■ Assignment ■
Restate the whole of the data below word for word, skipping the images.

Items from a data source
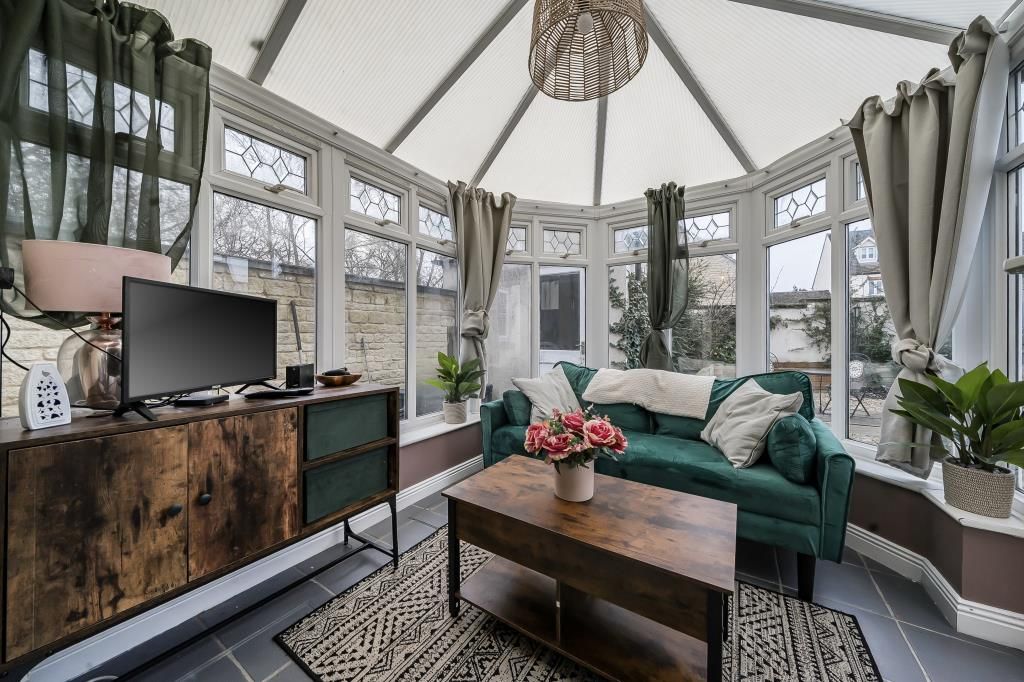 Property photo 3 of 19 Conservatory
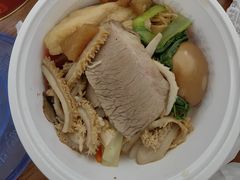-鑫花溪牛肉米粉(东环大润发店)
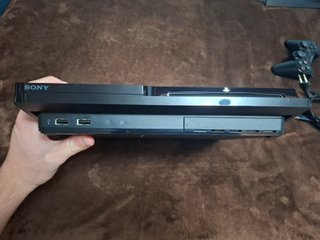 PlayStation 3 Slim con M.A.G.I.A + Juegos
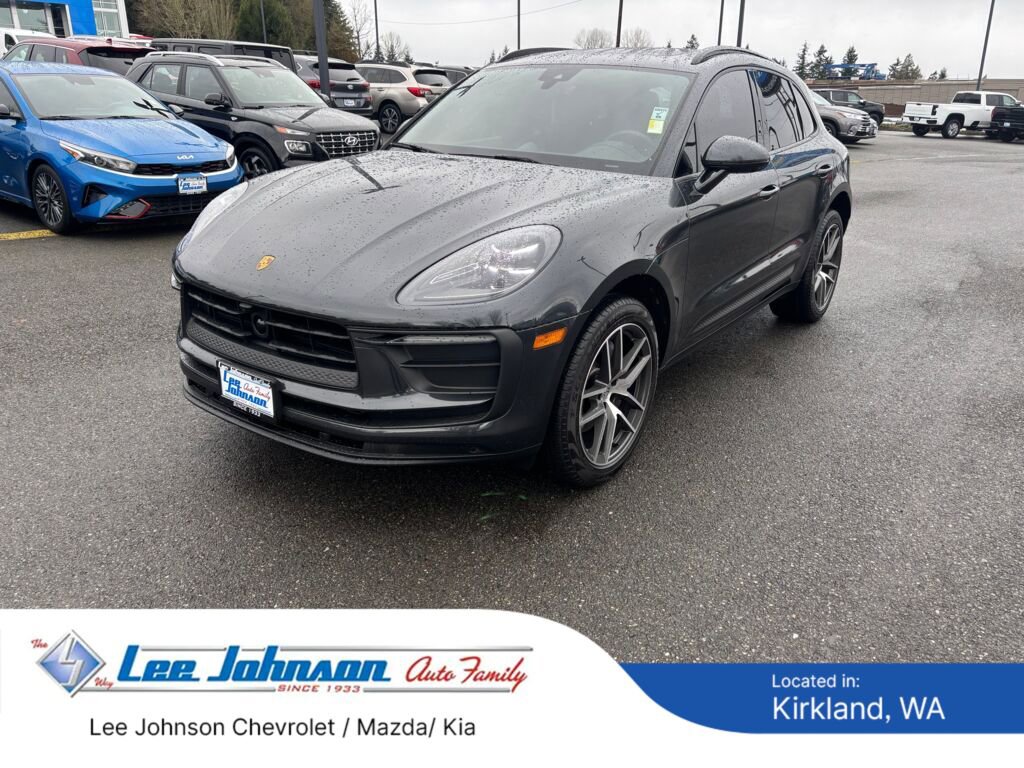 Used 2024 Porsche Macan Base image 1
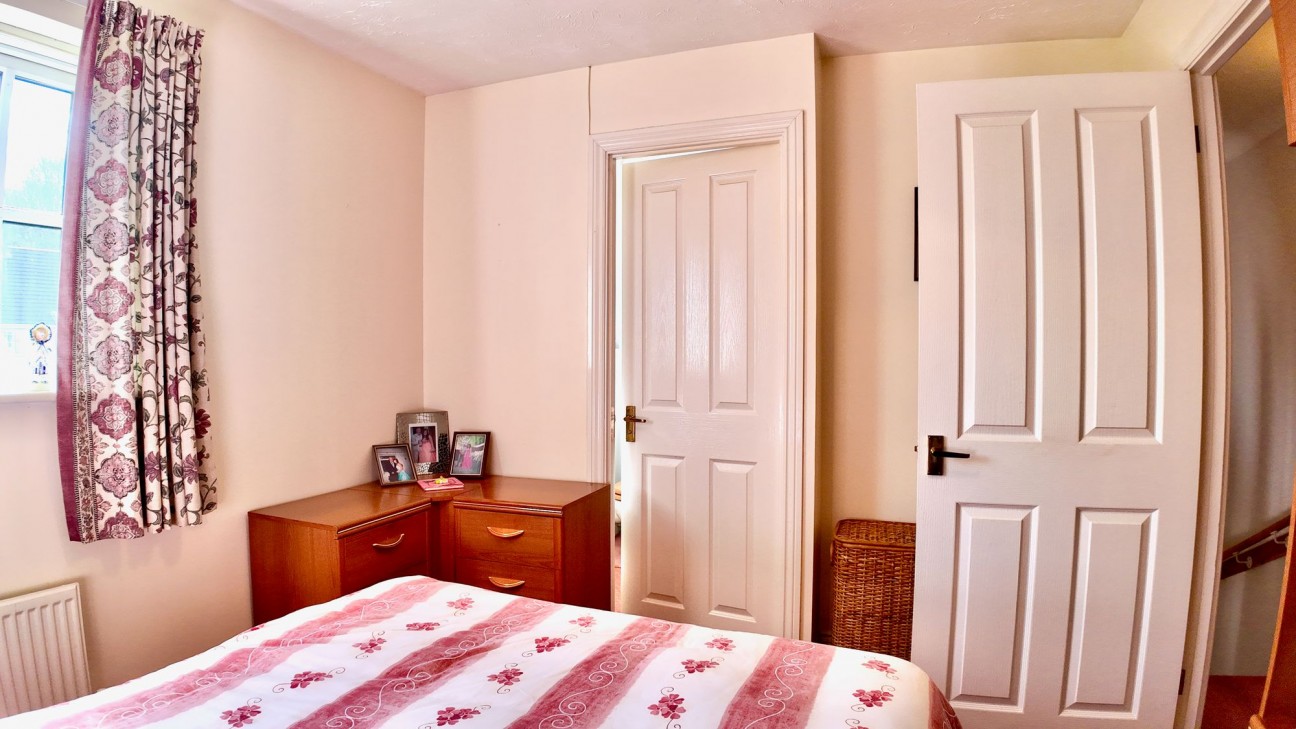 St. Madoc Close, Pontllanfraith, NP12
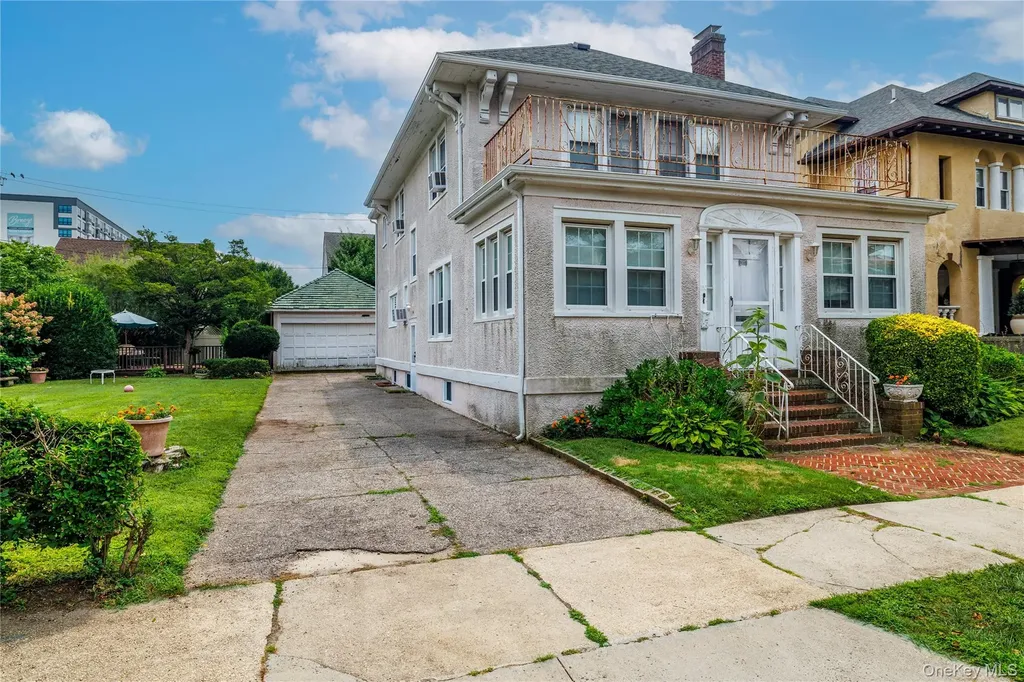 150 E Beech Street Long Beach NY 11561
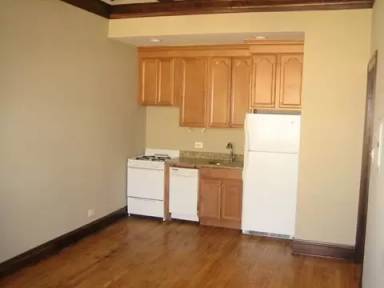 Main picture of 4755 N Sawyer Ave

■ Written reply ■
 Property photo 3 of 19 Conservatory
-鑫花溪牛肉米粉(东环大润发店)
 PlayStation 3 Slim con M.A.G.I.A + Juegos
 Used 2024 Porsche Macan Base image 1
 St. Madoc Close, Pontllanfraith, NP12
 150 E Beech Street Long Beach NY 11561
 Main picture of 4755 N Sawyer Ave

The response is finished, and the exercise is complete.